- All eyes are on the ECB with a critical meeting next month.
- The euro zone's central bank has said it will be raising interest rates for the first time in 11 years.
- But investors are more interested on whether President Christine Lagarde's team will be able to further tighten monetary policy over the medium term.
A member of the European Central Bank told CNBC Wednesday that there's plenty of runway to hike interest rates, following the two planned raises for July and September.
All eyes are on the ECB with a critical meeting next month. The euro zone's central bank has said it will be raising interest rates for the first time in 11 years, but investors are more interested on whether President Christine Lagarde's team will be able to further tighten monetary policy over the medium term.
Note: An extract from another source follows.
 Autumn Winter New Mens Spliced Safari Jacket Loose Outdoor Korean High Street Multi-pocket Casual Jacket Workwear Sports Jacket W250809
The ECB has said there will be another hike in September, but doubts currently rest on the period after that — given that the economic prospects of the bloc are darkening. Raising interest rates could slow down economic growth further.
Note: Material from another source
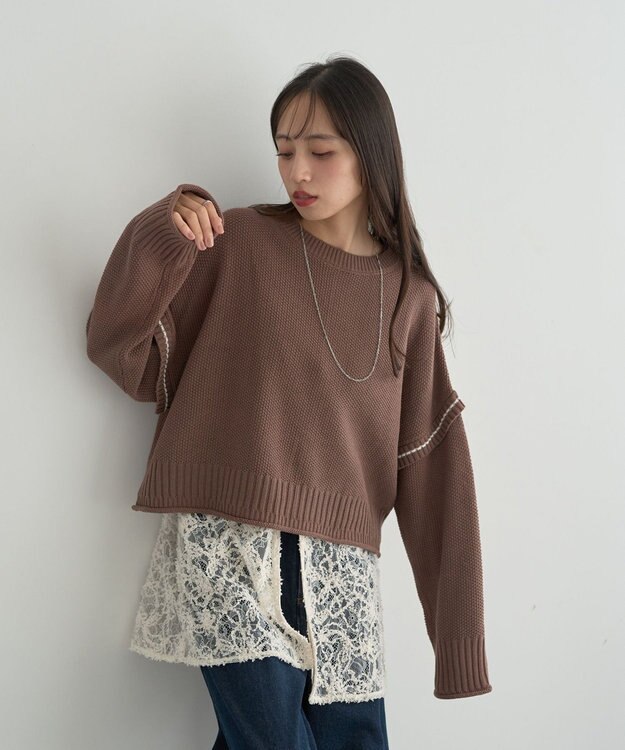 earth music&ecology 【洗濯機洗い可 / 選べる丈】アンチピリングC/A選べる丈配色ニット ブラウン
"We will have to make an assessment where the economic development is going and where inflation stands and afterwards there's ample room to hike in 0.25 and 0.5 levels to whatever rate we think, we consider reasonable," Robert Holzmann, who's also the governor of the Austrian central bank, told CNBC about the period after September.
At the moment, the central bank has to somehow manage record levels of inflation and a worsening economic outlook. The ECB forecast in June a 2.8% growth rate for the euro zone this year, but there are growing concerns that this will not materialize, with the war in Ukraine adding continuous economic pressure on the bloc.
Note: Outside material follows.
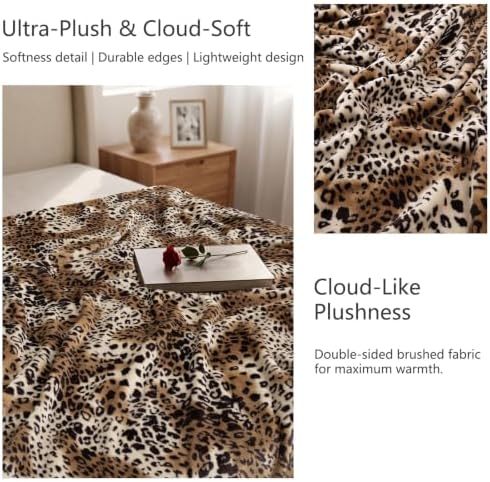 Vessia Leopard Printed Throw Blanket for Couch, Bed, Sofa, Soft Cozy Brown and Cream Cheetah Blanket for All Season, Comfy Flannel Fleece Animal Home Decor for Kids Women Adults - Image 6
The ECB's Chief Economist Philip Lane has previously stressed that the ECB has to manage two major risks.
"On the one side, that could be forces that keep inflation higher than expected for longer. On the other side, we do have the risk of a slowdown in the economy, which would reduce inflationary pressure," he told CNBC Tuesday.
But, according to Austria's Holzmann, "there are indications that towards autumn, we might have peak inflation."
ECB forecasts do point to a slowdown in consumer price rises from this year to the next, with headline inflation moving from 6.8% to 3.5% in 2023. However, there is plenty of uncertainty attached to these estimates with the war in Ukraine dragging on, the energy crisis accelerating and food supply shortages pushing up the cost of living.
Investors have started to worry about fragmentation risks in the euro zone too.
The central bank held an emergency meeting earlier this month to address a surge in borrowing costs for the so-called peripheral European nations. The ECB said it would be developing a new tool to address these risks — however, markets were left wondering when the tool would be implemented and how far it would go.
Speaking to CNBC at the ECB Forum in Sintra, Portugal, Mario Centeno, also a member of the central bank, said: "We are looking to design what we call a backstop that will help us with the normalization."
Since the ECB outlined its intentions to raise interest rates in July and September, marking a shift in its policy, investors have questioned whether highly indebted nations, such as Italy and Greece, would get into trouble with their borrowing costs. The ECB's upcoming fragmentation tool is meant to address these issues, by telling investors in general terms that they do not need to worry about these debt piles.
Centeno said the tool is "precautionary for sure," and they do not see any "actual fragmentation in the market."
Constantinos Herodotou, the governor of the Central Bank of Cyprus, who also joined CNBC Wednesday, said there had been "no final decisions yet" on the fragmentation tool.
The ECB's next meeting is on July 21. However, Herodotou defined the aim of this new policy tool that's being prepared.
"If there is unwarranted fragmentation which means that it is not based on economic fundamentals but then it has to be big enough and strong enough to be effective, but at the same time have within its design the ability to avoid any moral hazard issues," he said.